Anyway the phishing emails, which are now common from local South African banks, came through from international banks as far back as 5 years ago. Back in 1997 I worked for Internet Solutions who implemented both Nedbank and First National Bank’s Internet banking products and this gave me the inside scoop like nothing else. I immediately adopted online banking being a long-term client of FNB because my mother worked for them for last 32 years. As a long time user of online banking I have seen various trends come and go but this phishing trend is only growing bigger and more pervasive. And I can say with 100% confidence I’ve never been duped into following up on phishing requests. It’s really simple for because I have 15 years of experience on the Internet I can recognise these fake emails a mile away. How do you recognise these phishing emails from your local South African bank?
Firstly these emails are coming through much more frequently than your bank bothers to communicate with you. If banks only began communicating with educational marketing messages they could have avoided some of the embarrassment they have since faced.
The basic thing to do here is to look at the link for the website.
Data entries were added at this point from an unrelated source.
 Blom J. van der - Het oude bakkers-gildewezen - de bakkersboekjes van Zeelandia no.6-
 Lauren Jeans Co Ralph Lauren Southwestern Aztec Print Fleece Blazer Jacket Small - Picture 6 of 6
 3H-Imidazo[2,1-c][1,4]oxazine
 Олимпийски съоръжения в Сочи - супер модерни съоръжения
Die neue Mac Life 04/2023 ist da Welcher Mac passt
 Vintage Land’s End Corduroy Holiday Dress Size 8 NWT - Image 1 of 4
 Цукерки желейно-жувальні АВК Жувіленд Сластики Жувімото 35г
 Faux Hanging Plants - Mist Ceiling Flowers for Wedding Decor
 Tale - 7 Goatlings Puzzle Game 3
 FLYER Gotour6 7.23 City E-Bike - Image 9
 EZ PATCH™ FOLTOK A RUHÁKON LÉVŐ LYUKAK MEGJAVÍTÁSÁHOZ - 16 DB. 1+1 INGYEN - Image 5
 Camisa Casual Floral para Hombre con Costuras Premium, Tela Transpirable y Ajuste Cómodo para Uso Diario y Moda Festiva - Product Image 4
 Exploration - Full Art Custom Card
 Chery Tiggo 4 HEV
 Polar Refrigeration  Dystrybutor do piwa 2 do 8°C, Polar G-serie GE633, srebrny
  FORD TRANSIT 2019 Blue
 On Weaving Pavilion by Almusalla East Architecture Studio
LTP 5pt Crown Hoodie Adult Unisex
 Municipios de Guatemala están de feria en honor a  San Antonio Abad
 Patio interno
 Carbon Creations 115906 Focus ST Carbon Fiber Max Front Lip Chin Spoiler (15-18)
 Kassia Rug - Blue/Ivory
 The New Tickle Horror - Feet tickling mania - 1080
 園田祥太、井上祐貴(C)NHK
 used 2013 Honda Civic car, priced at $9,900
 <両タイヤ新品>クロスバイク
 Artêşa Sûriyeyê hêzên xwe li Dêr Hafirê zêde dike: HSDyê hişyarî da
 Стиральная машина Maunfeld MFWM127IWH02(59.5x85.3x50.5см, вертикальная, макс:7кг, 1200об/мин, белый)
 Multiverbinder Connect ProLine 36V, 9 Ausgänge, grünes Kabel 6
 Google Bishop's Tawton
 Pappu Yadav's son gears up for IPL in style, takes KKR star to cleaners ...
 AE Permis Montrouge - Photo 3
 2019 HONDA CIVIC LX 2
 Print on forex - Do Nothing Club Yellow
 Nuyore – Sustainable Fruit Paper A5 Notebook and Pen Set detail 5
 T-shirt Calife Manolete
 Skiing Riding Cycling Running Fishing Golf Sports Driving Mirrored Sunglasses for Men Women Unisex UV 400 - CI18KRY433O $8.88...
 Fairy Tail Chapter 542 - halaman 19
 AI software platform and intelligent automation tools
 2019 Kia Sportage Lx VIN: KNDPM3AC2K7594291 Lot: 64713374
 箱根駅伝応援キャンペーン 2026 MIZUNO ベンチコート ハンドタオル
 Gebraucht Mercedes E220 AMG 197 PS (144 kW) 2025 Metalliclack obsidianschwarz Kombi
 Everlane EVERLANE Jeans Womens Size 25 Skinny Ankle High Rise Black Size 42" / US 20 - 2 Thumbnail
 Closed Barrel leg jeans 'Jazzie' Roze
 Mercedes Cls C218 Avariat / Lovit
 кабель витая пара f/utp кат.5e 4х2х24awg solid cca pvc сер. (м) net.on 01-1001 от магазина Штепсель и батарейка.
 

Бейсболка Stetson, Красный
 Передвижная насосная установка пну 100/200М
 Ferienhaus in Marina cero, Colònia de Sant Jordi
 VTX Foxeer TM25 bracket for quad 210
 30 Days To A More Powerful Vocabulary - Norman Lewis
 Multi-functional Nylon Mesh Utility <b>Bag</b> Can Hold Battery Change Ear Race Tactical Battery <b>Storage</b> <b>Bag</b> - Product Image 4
So even though the link above said www.online.fnb.co.za the actual link would be more like http://somespammerwebsite/fnb – what you need to do is look at if the link address (while hovering your mouse over the underlined, linked text) is the same as your bank’s actual website domain e.g. fnb.co.za, absa.co.za, nedbank.co.za or standardbank.co.za!
I have also noticed phishing emails coming from Investec and other financial services companies, NOT just the banks.
When you’re in doubt delete all such email requests. And an even better solution is to use your email software like Microsoft Outlook, Mozilla Thunderbird or Gmail to list them as spam, if the email software has not done so already. Finally I highly recommend you read up on the consumer advice from the Anti-Phishing Working Group and apply all the same to South African Internet experience.